H.L. Hix with Lily Brown

Lily Brown
Lily Brown

This interview by H.L. Hix continues a series that began as multi-question interviews but now has taken the form of one-question “mini-interviews.” To ask a series of questions about a book is to keep returning to the book and thus to emphasize its opacity, to regard it as one would regard, say, a painting. To ask a single question, Hix tells himself, is to emphasize the book’s transparency, to regard it as one would a window, as what offers a vista, what frames for us a world. The subject of this interview is Lily Brown’s Rust or Go Missing (Cleveland State  University Poetry Center).

H. L. Hix: Near the middle of your book, there is a poem called “Knower,” and near the middle of that poem is the sentence “Here, / my trick: accompaniment.” I don’t mean to make too much of one moment in the book, but I wonder about its importance—for you personally, for this poem, for your book, for the project of knowing, for our culture—of “accompaniment.” (Just as one for instance, do the quiet woman and loud man in the title poem accompany one another, or fail to accompany one another?) I think this is a question, but in any case I’ll be interested in any way you choose to respond.
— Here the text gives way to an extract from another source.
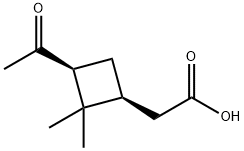顺-3-乙酰基-2,2-二甲基环丁基乙酸, 64396-97-0, 结构式
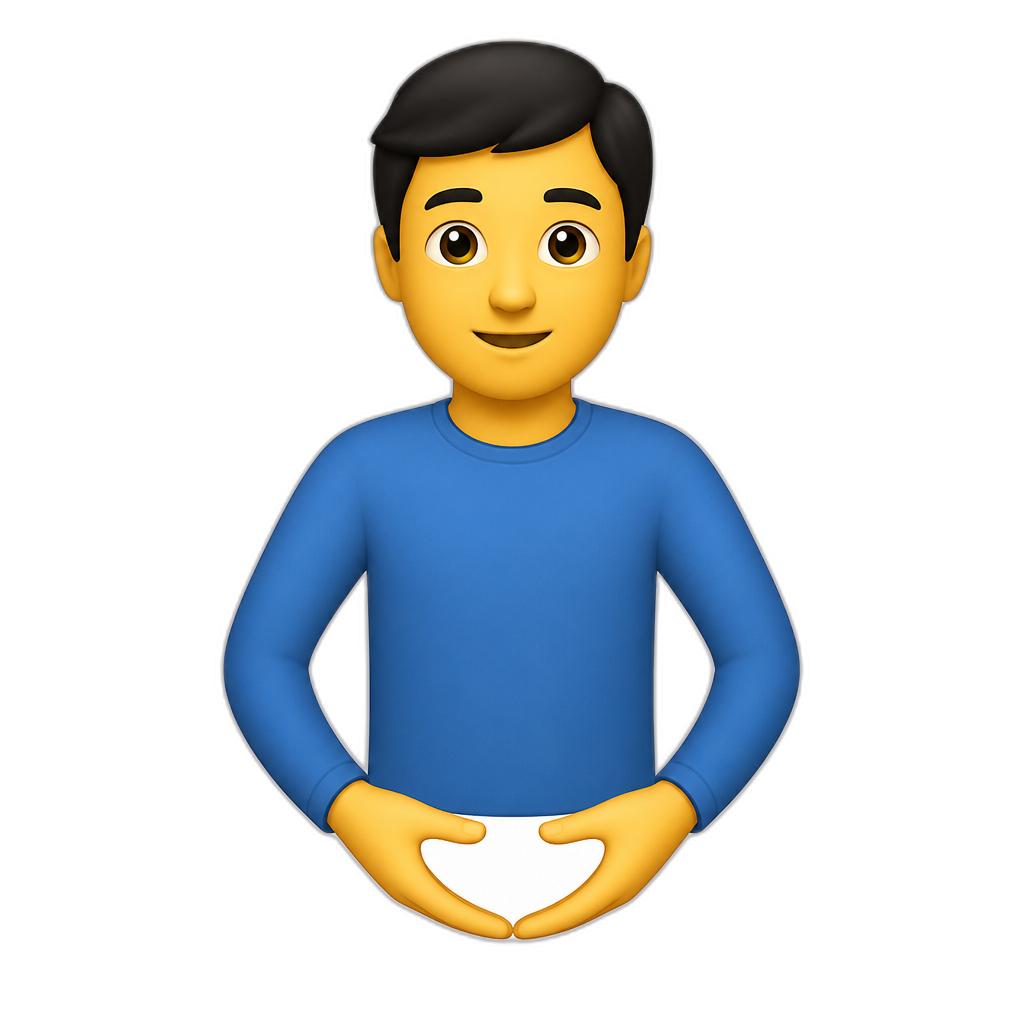 almost, make the hands create a circle downwards. So dont start going down with elbows - AI generated emoji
Lily Brown: The issue of accompaniment is a loaded one for me, and I think you pick up on my ambivalence with your question about “the quiet woman and the loud man” in the title poem from my book. I observed those people in a coffee shop in Berkeley, and while I have no real way of knowing whether they did or did not accompany one another, the exchange got me thinking. I was actually touched by the conversation because the man seemed to want the woman to know she would still have her coffee to accompany her, even if he went to the restroom. Perhaps he was projecting his own worry about leaving her in his utterance. Or perhaps he himself was not a person who liked to be alone. Or maybe he liked to be alone but was concerned about what that meant with regard to his significant other. By transcribing that exchange and then giving it a sort of metaphorical equivalent in the poem (“He says, while you enjoy your coffee, / I’ll go to the bathroom. // He says, here’s the light. I place it in your glass. / Here’s how light stays when I’m gone.”), I wanted to raise questions about accompaniment and maybe highlight its complexity rather than provide answers. I see that as an issue with cultural significance, actually: to give space to questions, rather than answers and to complicate notions of identity and relationships.